The penalty exposure
ASIC has used the civil pecuniary penalties approach, which under their November 2024 guidance is the greater of $16.5 million, three times the benefit the organisation obtained or avoided paying, or 10% of annual turnover. For Fortnum, with an annual turnover reportedly around $5.4 million (though with $30 billion in funds under advice), the penalty calculation is modest relative to the scale of the alleged failures.
The defendant is the company, again
Once again, ASIC has chosen to pursue the company rather than its directors or AFS licensees individually. This is despite consistent messaging from ASIC warning that they would be "looking for the right case where company directors and boards failed to take reasonable steps."
So here we are again. RI Advice in 2022, FIIG Securities, and now Fortnum Private Wealth. Three APRA-regulated financial service providers that ASIC has found the resources to prosecute, but not one of them has warranted holding directors or licensees personally to account.

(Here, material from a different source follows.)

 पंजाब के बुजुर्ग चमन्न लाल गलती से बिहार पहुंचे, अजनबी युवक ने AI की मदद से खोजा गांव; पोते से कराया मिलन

The enforcement trajectory
The pattern across ASIC's three cyber enforcement actions tells a story:
RI Advice (2022) resulted in remediation and cost orders but no pecuniary penalty. FIIG Securities (February 2026) became the first case where the Federal Court actually imposed civil penalties for cyber security failures under general AFS licensee obligations, ordering $2.5 million in penalties plus $500,000 in costs and a mandatory compliance programme. Fortnum (commenced July 2025) remains before the courts, with a directions hearing listed for July 2026.
The trajectory is clearly escalating. Penalties are getting real. But the fundamental question remains: when will ASIC pursue a director personally?

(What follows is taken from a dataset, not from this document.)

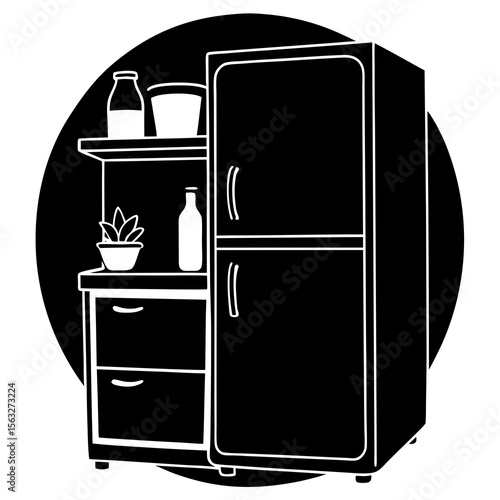 Fridge and Kitchen Silhouette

The cost-of-compliance paradox
As someone who works extensively in cyber governance, I have seen the tangible and intangible benefits that organisations across many industries have gained from good governance and management of cyber risk. I have also watched our regulators message this exact principle with increasing volume.

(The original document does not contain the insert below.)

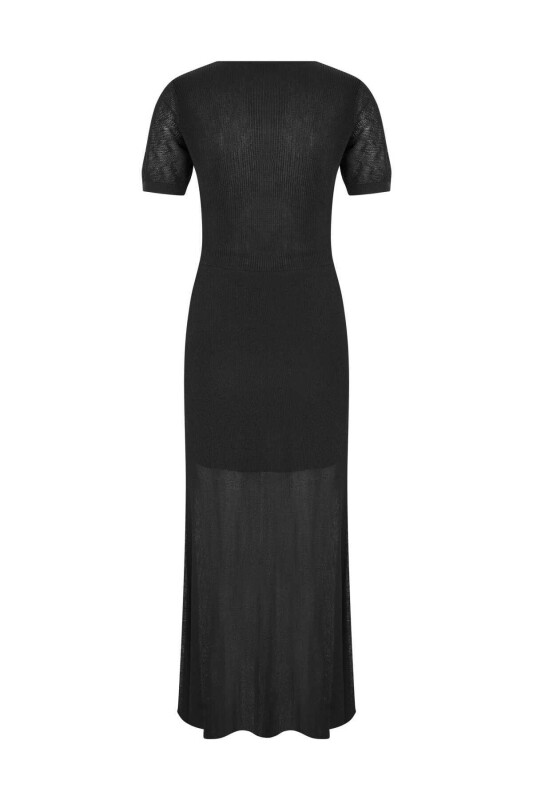  Anvelop Triko Elbise Siyah - 5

But when organisations miss the mark, the cost of the fine has consistently fallen short of the cost of compliance. Even the FIIG penalty of $2.5 million, while symbolically significant as the first of its kind, is modest relative to the $3-4 billion in client assets FIIG held during the period of non-compliance.
This creates a troubling calculus. If the financial consequences of inadequate cyber governance remain substantially less than the cost of doing it properly, the regulatory signal is contradictory. The messaging says "this is a board-level priority" while the enforcement says "the consequences are manageable."
I would not advocate that a company missing a reasonable threshold should be punished into destruction. But the pendulum feels significantly off at the moment.
Or is this the strategy?
Perhaps there is an alternative reading. Shout loudly, demand compliance, build the case law incrementally, but hold back from the full weight of enforcement because cyber governance genuinely is complex and expensive. If that is the strategy, it may ultimately work, but only if the trajectory continues to steepen. The FIIG penalty suggests it is heading that direction. The Fortnum outcome will be the next data point.
For directors, the practical takeaway is clear regardless of where you sit on the enforcement debate. Markets are punishing cyber failures far more severely than regulators are. The Ryan et al. research shows 7-14% market value destruction from a major incident. No fine ASIC has imposed comes close to that. The business case for investing in cyber governance does not depend on regulatory enforcement; it depends on protecting the value of the organisation.
The Fortnum proceedings (ASIC media release 25-143MR) and FIIG Securities decision (ASIC media release 26-021MR) are publicly available on the ASIC website.